Nostradamus broke away from his reflection in the mirror. He had to get dressed. He
thought of just going into the study in his bed clothes, but then decided against it. He had
to get up to meet with the lawyer, who was coming this morning. It wouldn‘t do to meet
a lawyer in one‘s bedclothes. Nostradamus pulled his velvet cap off the wooden peg near
the nightstand and placed it on his head. God, he was hot in here. How hot was it in this
house? It felt like a furnace. He slid into his buckled brown shoes and stumbled down
the hall, grimacing at the stomach pain. Where was that idiot Chavigny?
―Chavigny! Where are you? Come here, you dunce! Have you summoned Joseph?

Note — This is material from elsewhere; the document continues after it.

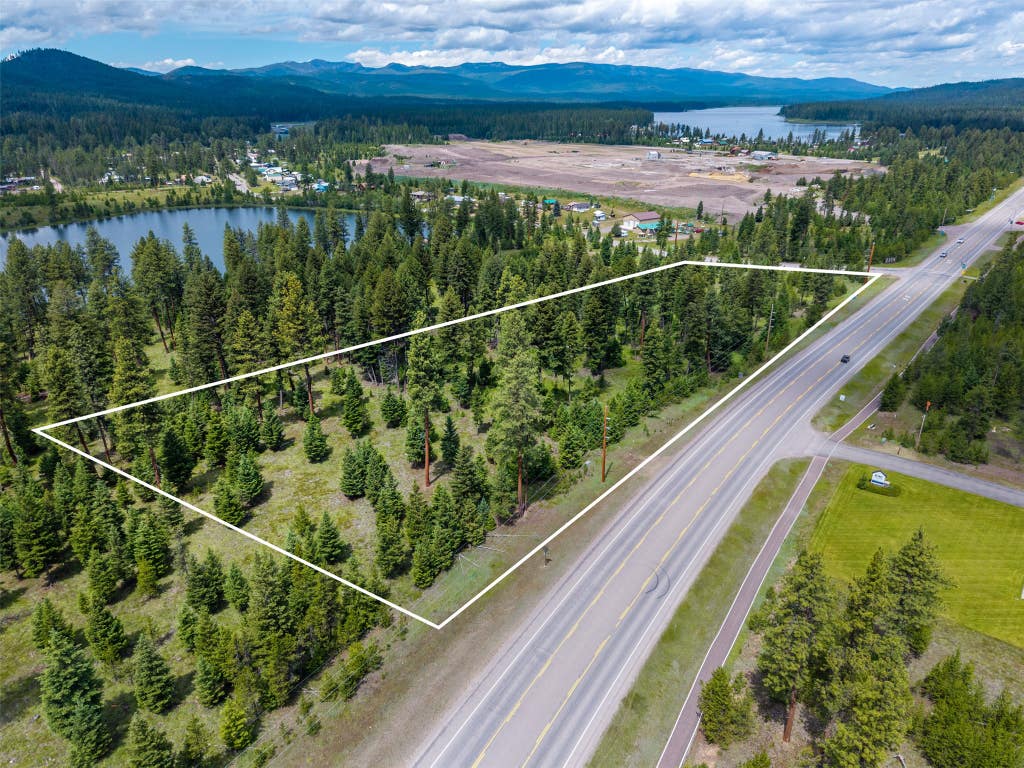 Photo of NHN HWY 83, Riverview Drive DR #LOT 2, Seeley Lake, MT 59868 (MLS # 30076963)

Where is he? Time is most pressing!‖
Jean-Aime de Chavigny, a lawyer and former magistrate in Burgundy, had been
Nostradamus‘ secretary and personal apprentice these last twelve years. Chavigny
certainly had a fine career ahead of him without the help of Nostradamus. He had
schooled with the great Greek scholar Jean Dorat at the Principal of the College de
Coqueret in Paris, and had earned his own reputation as a theologian and thinker. He had
also dabbled in the magical arts. However, as he had explained to his wife many times,
his career would have to wait. Clerking with Monsieur Nostradamus was simply too
great an opportunity to pass up. He was willing to withstand the petty slights and menial
work for the opportunity to work aside a real genius. He, Chavigny, had actually gotten
to assist the Master with Les Propheties! This morning, Chavigny had been asked to
summon Joseph Roche, the wills and trusts lawyer. It seemed that Nostradamus had
gotten into his mind to prepare a last-minute codicil to his will. Chavigny wondered if
there might be something of value for him in the new will. After all, Nostradamus had
amassed quite a fortune here in Salon after his successful canal project. And
Nostradamus‘ second wife, the old battle-axe, had come from money as well. Chavigny
had once seen a balance sheet lying on the Master‘s desk. He had well over 3,400
crowns! Even if Nostradamus left most of the fortune to his three boys and three girls,
surely there was something left over for loyal Chavigny for his dedicated decade of
service to Master Nostradamus? Well, he would know soon enough, judging from the
bucket of blood he cleaned up this morning.